§ Task to carry out
When you reach the line containing "Angled front-right view" in the entries below, start writing out each line exactly, and stop after the line containing "WATCH: San Francisco".

§ Data for this task
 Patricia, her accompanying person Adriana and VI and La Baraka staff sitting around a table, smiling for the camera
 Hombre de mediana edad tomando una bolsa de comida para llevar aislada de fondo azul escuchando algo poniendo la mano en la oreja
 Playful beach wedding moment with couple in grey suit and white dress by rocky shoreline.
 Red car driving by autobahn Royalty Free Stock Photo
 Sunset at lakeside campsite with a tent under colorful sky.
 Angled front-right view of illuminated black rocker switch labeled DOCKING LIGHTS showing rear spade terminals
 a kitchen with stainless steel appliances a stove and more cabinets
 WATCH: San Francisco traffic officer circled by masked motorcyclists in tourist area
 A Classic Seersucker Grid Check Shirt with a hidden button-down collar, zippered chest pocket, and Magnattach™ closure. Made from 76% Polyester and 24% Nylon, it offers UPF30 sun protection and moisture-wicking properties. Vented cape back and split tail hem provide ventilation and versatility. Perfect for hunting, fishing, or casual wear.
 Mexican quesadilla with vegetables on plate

§ Response to this exercise
 Angled front-right view of illuminated black rocker switch labeled DOCKING LIGHTS showing rear spade terminals
 a kitchen with stainless steel appliances a stove and more cabinets
 WATCH: San Francisco traffic officer circled by masked motorcyclists in tourist area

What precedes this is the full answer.